I feel like Malaysia is lacking biostatistician. We do have a lot qualified biostatistician but not enough practicing biostatistician. In Malaysia, in most universities especially UKM, UM & USM, biostatistics is taught together with epidemiology. Eventhough there are similarities between epid & biostat but they are different. I am not practicing epid that much now so my knowledge on epid is disappearing. But talking about biostatistician, for medical & health research in Malaysia, we need to produce more and more biostatistician.
The issue now is whether we produce non-doctor biostatistician or doctor biostatistician? For some, they said it is a waste for medical doctor to do anything else other than medicine. Well….then Dr Mahathir is the example of major waste in the country. So do few of other leaders, oppositions alike.

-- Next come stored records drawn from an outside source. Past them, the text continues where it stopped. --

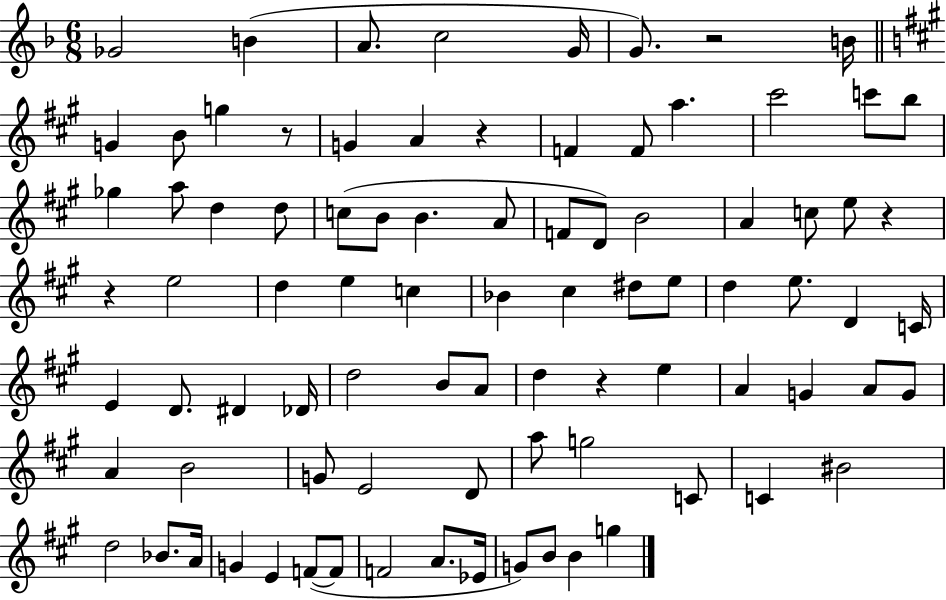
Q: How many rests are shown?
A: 6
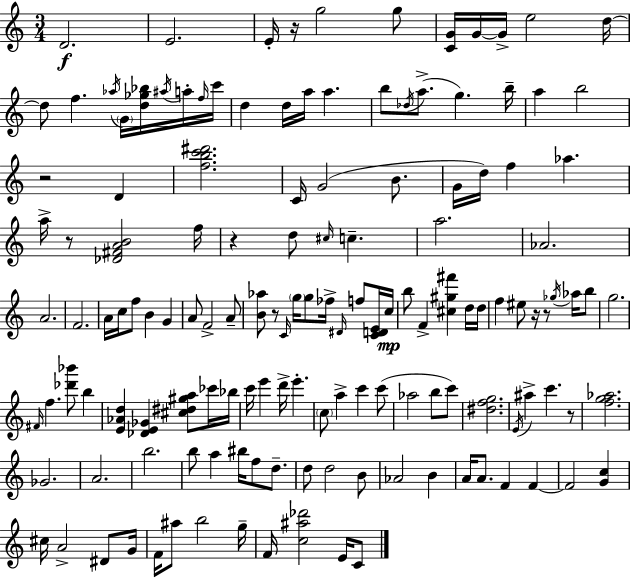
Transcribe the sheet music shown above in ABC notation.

X:1
T:Untitled
M:3/4
L:1/4
K:Am
D2 E2 E/4 z/4 g2 g/2 [CG]/4 G/4 G/4 e2 d/4 d/2 f _a/4 G/4 [d_g_b]/4 ^a/4 a/4 f/4 c'/4 d d/4 a/4 a b/2 _d/4 a/2 g b/4 a b2 z2 D [fbc'^d']2 C/4 G2 B/2 G/4 d/4 f _a a/4 z/2 [_D^FAB]2 f/4 z d/2 ^c/4 c a2 _A2 A2 F2 A/4 c/4 f/2 B G A/2 F2 A/2 [B_a]/2 z/2 C/4 g/4 g/2 _f/4 ^D/4 f/2 [CDE]/4 c/4 b/2 F [^c^g^f'] d/4 d/4 f ^e/2 z/4 z/2 _g/4 _a/4 b/2 g2 ^F/4 f [_d'_b']/2 b [E_Ad] [_DE_G] [^c^d^ga]/2 _c'/4 _b/4 c'/4 e' d'/4 e' c/2 a c' c'/2 _a2 b/2 c'/2 [^dfg]2 E/4 ^a c' z/2 [fg_a]2 _G2 A2 b2 b/2 a ^b/4 f/2 d/2 d/2 d2 B/2 _A2 B A/4 A/2 F F F2 [Gc] ^c/4 A2 ^D/2 G/4 F/4 ^a/2 b2 g/4 F/4 [c^a_d']2 E/4 C/2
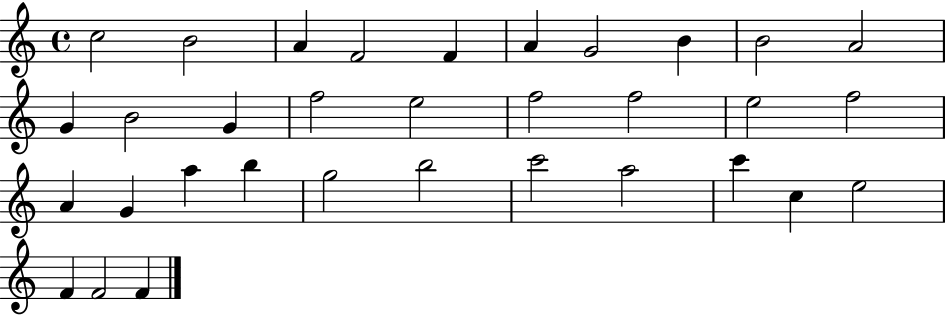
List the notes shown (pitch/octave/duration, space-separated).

C5/h B4/h A4/q F4/h F4/q A4/q G4/h B4/q B4/h A4/h G4/q B4/h G4/q F5/h E5/h F5/h F5/h E5/h F5/h A4/q G4/q A5/q B5/q G5/h B5/h C6/h A5/h C6/q C5/q E5/h F4/q F4/h F4/q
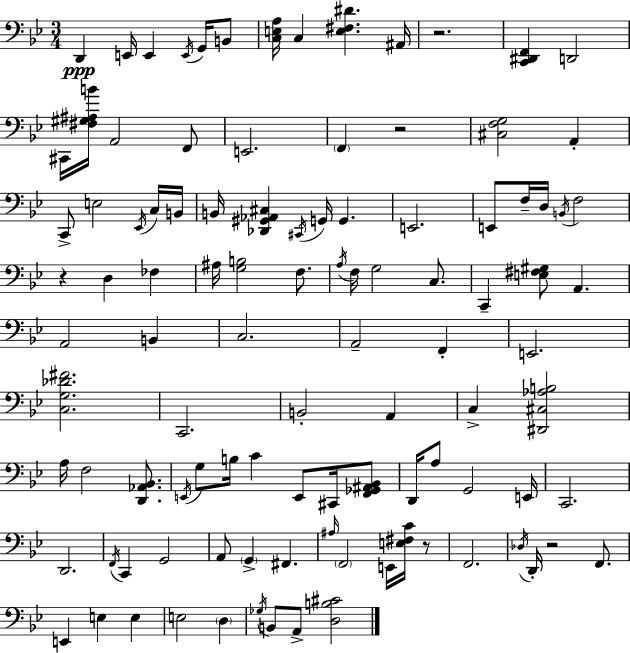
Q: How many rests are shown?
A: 5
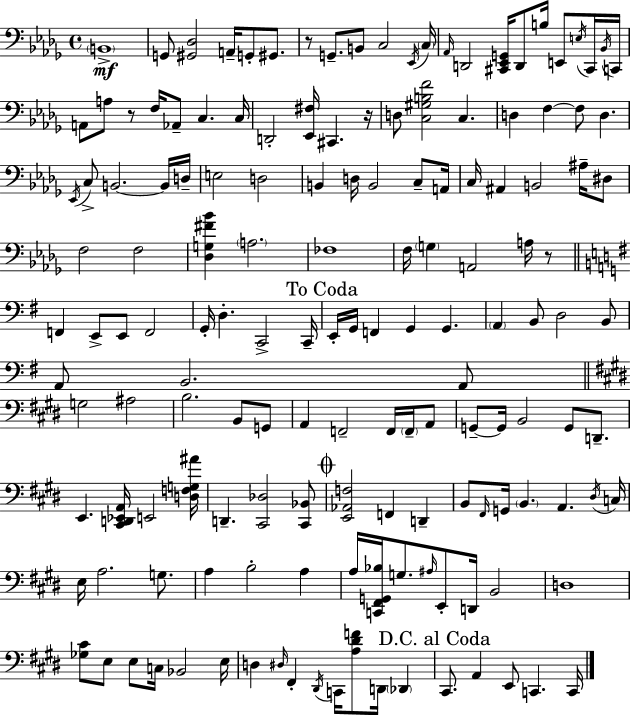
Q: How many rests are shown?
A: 4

I feel that medical doctor should take up biostatistic with epidemiology as elective (rather than core subjects) if they want to be a biostatistician or medical statistics. We know the lingo. We can easily understand what clients want. For non-doctors, they need to practice longer time to understand medical & health terms.

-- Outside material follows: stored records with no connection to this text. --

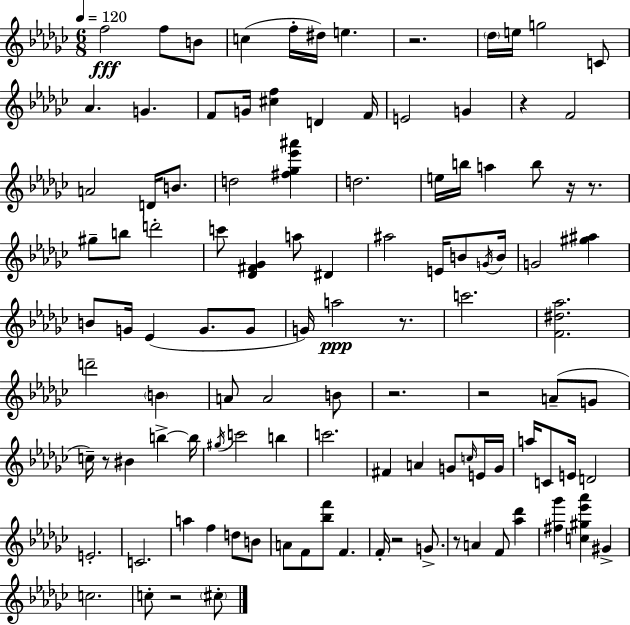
F5/h F5/e B4/e C5/q F5/s D#5/s E5/q. R/h. Db5/s E5/s G5/h C4/e Ab4/q. G4/q. F4/e G4/s [C#5,F5]/q D4/q F4/s E4/h G4/q R/q F4/h A4/h D4/s B4/e. D5/h [F#5,Gb5,Eb6,A#6]/q D5/h. E5/s B5/s A5/q B5/e R/s R/e. G#5/e B5/e D6/h C6/e [Db4,F#4,Gb4]/q A5/e D#4/q A#5/h E4/s B4/e G4/s B4/s G4/h [G#5,A#5]/q B4/e G4/s Eb4/q G4/e. G4/e G4/s A5/h R/e. C6/h. [F4,D#5,Ab5]/h. D6/h B4/q A4/e A4/h B4/e R/h. R/h A4/e G4/e C5/s R/e BIS4/q B5/q B5/s G#5/s C6/h B5/q C6/h. F#4/q A4/q G4/e C5/s E4/s G4/s A5/s C4/e E4/s D4/h E4/h. C4/h. A5/q F5/q D5/e B4/e A4/e F4/e [Bb5,F6]/e F4/q. F4/s R/h G4/e. R/e A4/q F4/e [Ab5,Db6]/q [F#5,Gb6]/q [C5,G#5,Eb6,Ab6]/q G#4/q C5/h. C5/e R/h C#5/e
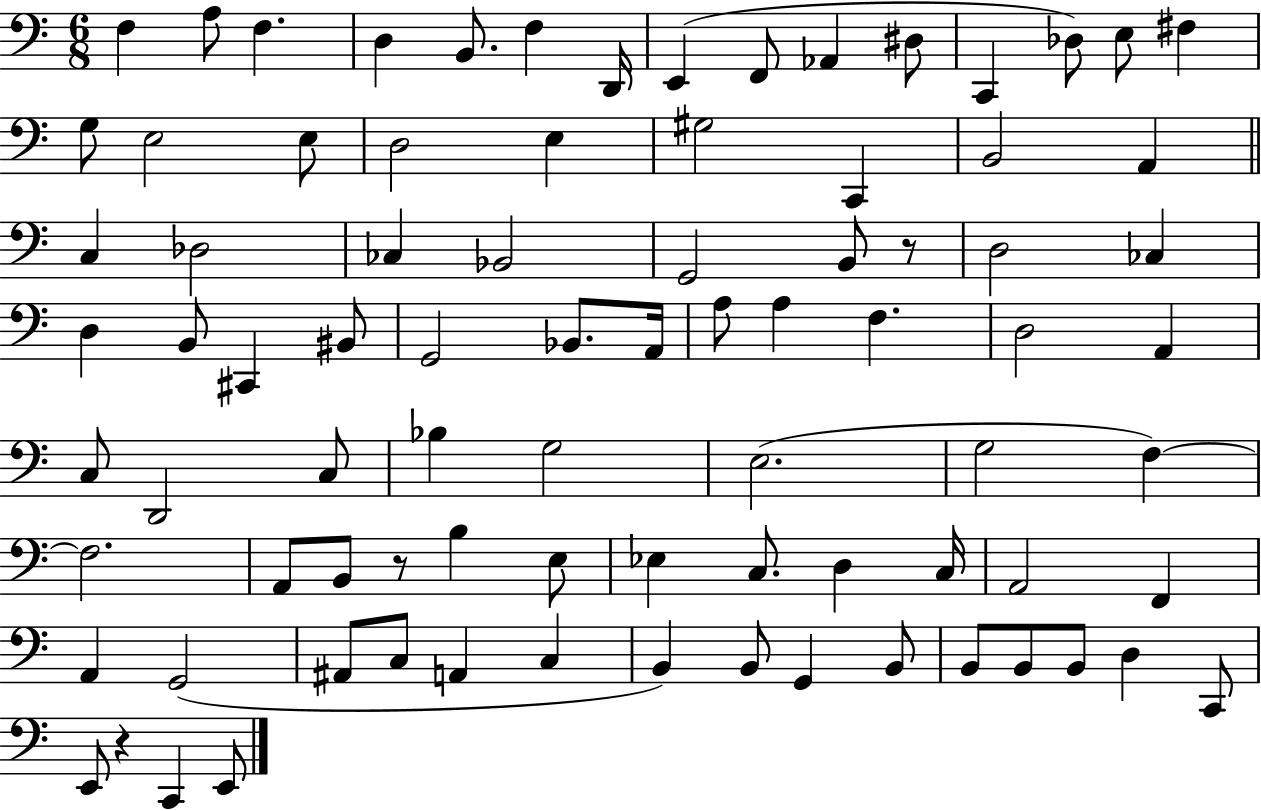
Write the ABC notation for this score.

X:1
T:Untitled
M:6/8
L:1/4
K:C
F, A,/2 F, D, B,,/2 F, D,,/4 E,, F,,/2 _A,, ^D,/2 C,, _D,/2 E,/2 ^F, G,/2 E,2 E,/2 D,2 E, ^G,2 C,, B,,2 A,, C, _D,2 _C, _B,,2 G,,2 B,,/2 z/2 D,2 _C, D, B,,/2 ^C,, ^B,,/2 G,,2 _B,,/2 A,,/4 A,/2 A, F, D,2 A,, C,/2 D,,2 C,/2 _B, G,2 E,2 G,2 F, F,2 A,,/2 B,,/2 z/2 B, E,/2 _E, C,/2 D, C,/4 A,,2 F,, A,, G,,2 ^A,,/2 C,/2 A,, C, B,, B,,/2 G,, B,,/2 B,,/2 B,,/2 B,,/2 D, C,,/2 E,,/2 z C,, E,,/2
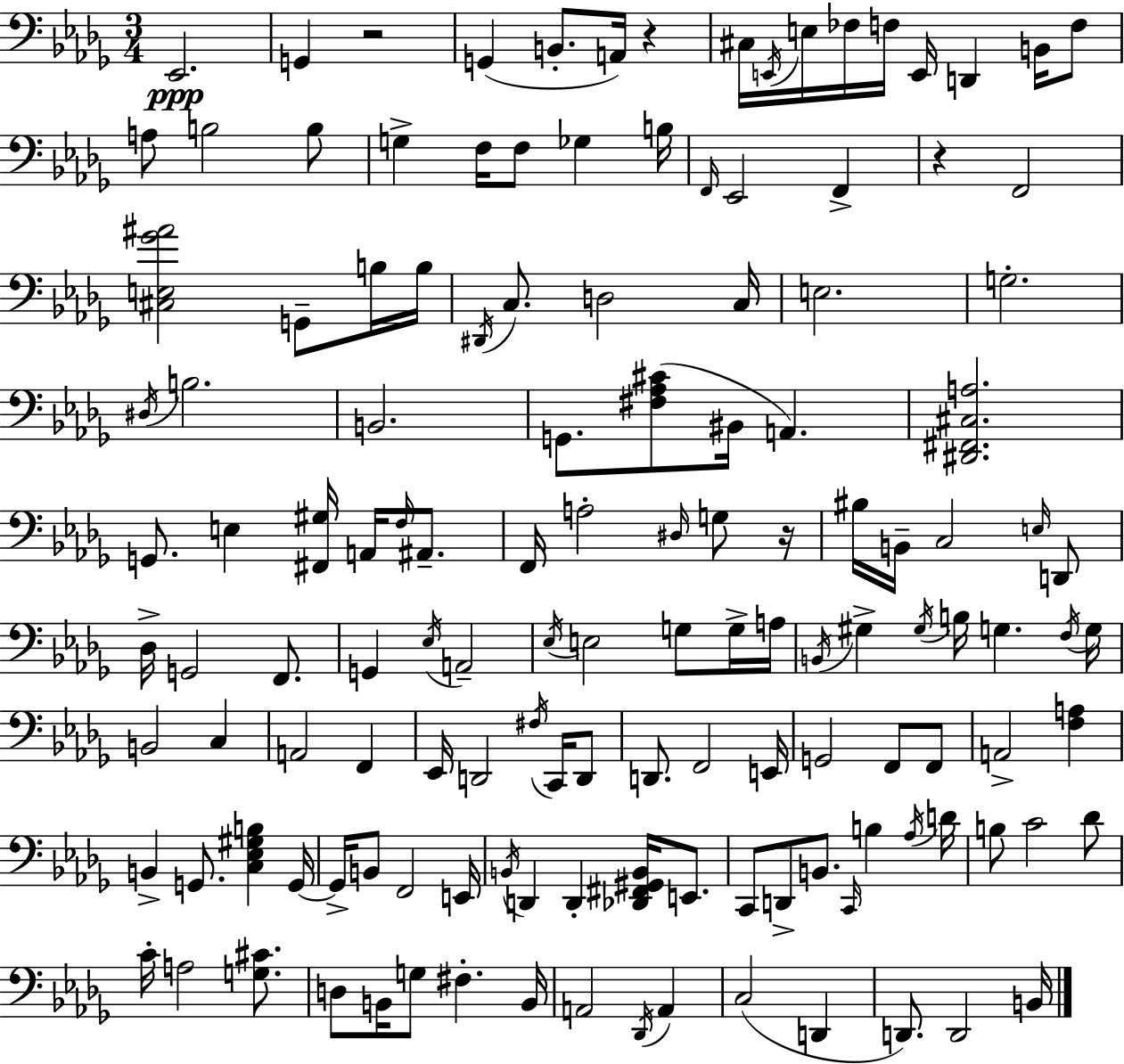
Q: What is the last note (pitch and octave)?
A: B2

Secondly, being statistician, even though we need to learn mathematics & know the basics of everything but when talking to clients, we should speak their ‘language’ i.e. medical & health language and not statistical jargons. Just hide certain details like covariance, estimate, likelihood etc. Convert these terms to miningful meaningful terms for the clients.
Thirdly, educate the clients. Tell them when to use standard deviation and when to use standard error for example. But tell them slowly & must provide example.
Lastly, don’t print all the statistical output to them. Select relevant tables & graphs only. Guide them on how to report those findings.